Sunday, December 22, 2013

İrlanda İzlenimleri 3: Barış Antlaşmasından Sonra

Barış Antlaşmasından Sonra

Barış süreciyle birlikte tutsak erkeklerin eve dönünca birçok çocuk yıllar sonra babasını görüyor. Aile içi şiddet artıyor. Savaş döneminde tacize uğrayan birçok kadında alkolizm ve uyuşturucu kullanımı sorunları başlıyor.
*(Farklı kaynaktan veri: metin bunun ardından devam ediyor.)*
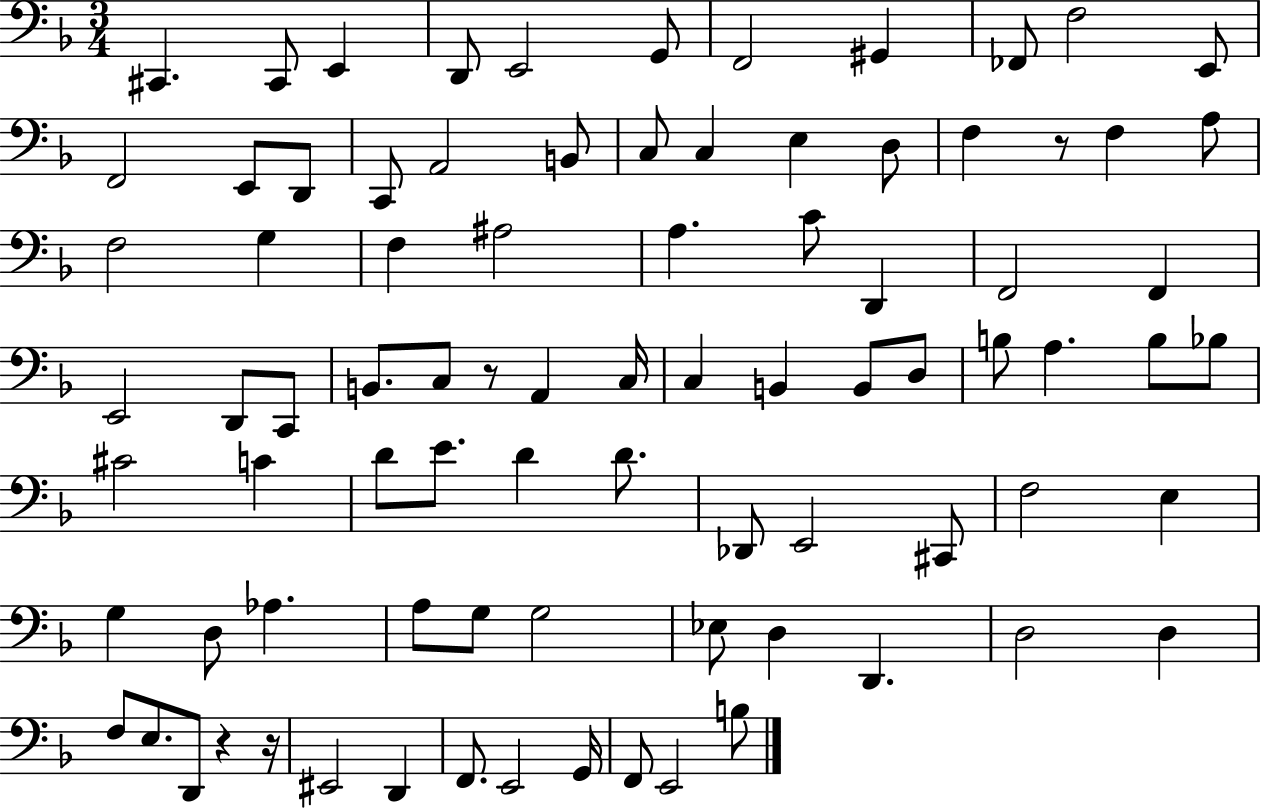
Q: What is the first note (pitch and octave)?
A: C#2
İstanbul - BİA Haber Merkezi
20 Aralık 2013, Cuma 00:01
Demokratik Gelişim Enstitüsünün düzenlediği Çatışma Çözümünde Kadınların Rolü konulu çalışma gezisinin ikinci gününde Belfast’taki Kuzey İrlanda parlamentosuna giderek bir zamanlar en çok aranan “terörist”i ve bugün Sien Fein’den milletvekli olan Chrissie McCauley ile Sien Fein Lideri Gerry Adams’ın odasında görüşüyoruz.
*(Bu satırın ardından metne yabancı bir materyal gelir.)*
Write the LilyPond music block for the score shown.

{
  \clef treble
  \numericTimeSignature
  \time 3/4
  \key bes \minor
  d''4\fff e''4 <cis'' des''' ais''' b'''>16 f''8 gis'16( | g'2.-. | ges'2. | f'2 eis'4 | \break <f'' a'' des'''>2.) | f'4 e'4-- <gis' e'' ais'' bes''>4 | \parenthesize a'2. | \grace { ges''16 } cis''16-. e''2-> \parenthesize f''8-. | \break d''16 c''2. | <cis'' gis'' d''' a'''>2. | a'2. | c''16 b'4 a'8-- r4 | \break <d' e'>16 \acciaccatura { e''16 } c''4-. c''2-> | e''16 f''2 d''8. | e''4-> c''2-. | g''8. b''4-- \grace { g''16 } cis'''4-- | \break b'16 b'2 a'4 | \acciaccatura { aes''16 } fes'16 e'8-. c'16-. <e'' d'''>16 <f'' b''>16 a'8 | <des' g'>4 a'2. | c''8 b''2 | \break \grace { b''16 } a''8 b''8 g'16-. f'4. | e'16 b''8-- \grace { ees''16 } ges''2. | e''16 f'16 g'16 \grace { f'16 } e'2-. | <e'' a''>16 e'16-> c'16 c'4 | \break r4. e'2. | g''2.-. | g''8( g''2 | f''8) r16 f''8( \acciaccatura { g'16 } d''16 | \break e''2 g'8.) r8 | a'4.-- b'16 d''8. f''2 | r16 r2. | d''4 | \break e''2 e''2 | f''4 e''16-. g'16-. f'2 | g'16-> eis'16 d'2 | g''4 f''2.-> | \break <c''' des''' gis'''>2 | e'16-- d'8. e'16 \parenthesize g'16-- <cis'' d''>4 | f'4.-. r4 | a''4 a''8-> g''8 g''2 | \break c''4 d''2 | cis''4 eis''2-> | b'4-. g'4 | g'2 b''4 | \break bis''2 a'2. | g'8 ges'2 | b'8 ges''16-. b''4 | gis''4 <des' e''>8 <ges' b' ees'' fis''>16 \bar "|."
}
McCauley 7 yıldır parlamentoda görev yapıyor. 15 yaşından beri hareketin içinde olduğunu belirtiyor. “1969’da İngiltere ordusunun gelip bizlere saldırmasına bir tepki olarak sokaklara çıktık. İngiltere ordusu evlerimize kadar girdi. İnsanlar evlerinden çıkarıldı, bizlere ayrımcılık yapıldı. Oy kullanma hakkımız elimizden alındı. Ben de sokaklarda insanların haklarını savunmaya başladım. 1975’te Dublin’de cezaevine atıldım. O dönem hapisteki tek kadın siyasi tutukluydum. Hapisteyken diğer tutuklular için mücadele verdiğim için  sürekli ceza alıyordum. Thatcher politikaları yüzünden hapiste açlık grevleri oluyordu, dışarıdaki kadınlar da bu protestolara katıldı. Hapishanelerde çok acı çekildi. Thatcher’ın politikaları yüzünden hapishanelerdeki açlık grevinde yoldaşlarımızı kaybettik. 79’da hapisten çıktım, Sien Feine katıldım” diye özetliyor siyasi geçmişini.
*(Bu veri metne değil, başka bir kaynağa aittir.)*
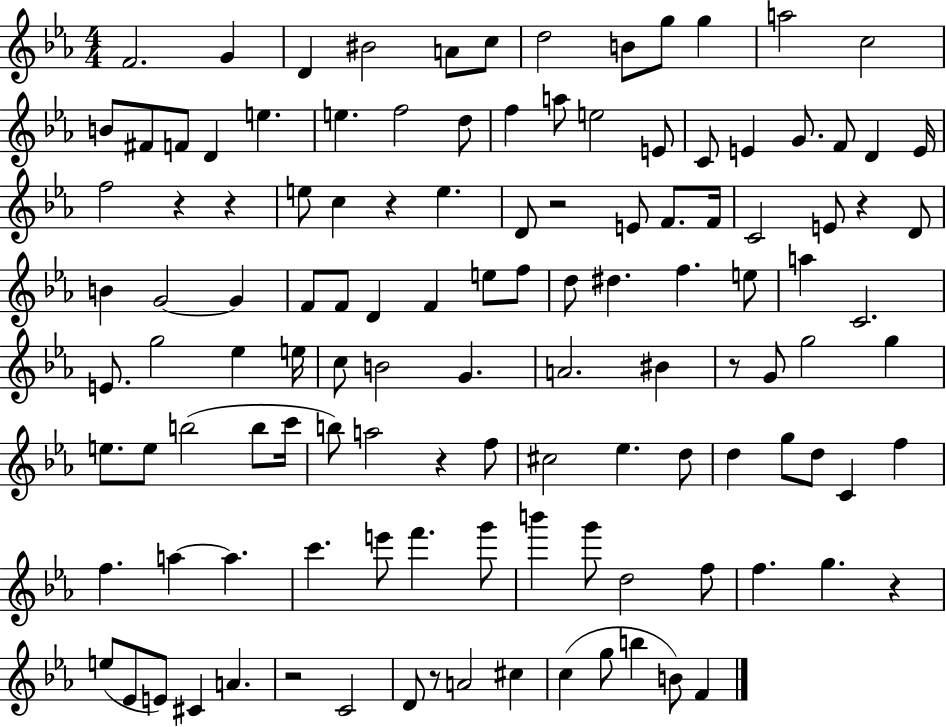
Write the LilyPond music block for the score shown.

İrlanda’da 1998’de imzalanan Hayırlı Cuma antlaşması, halk arasındaki deyimiyle Barış Antlaşması sonrası neler yapıldığı gezi boyunca ele aldığımız konulardan biriydi. McCauley çatışmayı oluşturan nedenlerin birçoğunu tartışmadan barış anlaşmasını imzaladıklarını, birçok konunun barış anlaşmasından sonra tek tek ele alınmaya başlandığını belirtiyor. Bu süreçte sivil toplum, özellikle de kadın merkezleri önemli işlevler görüyor.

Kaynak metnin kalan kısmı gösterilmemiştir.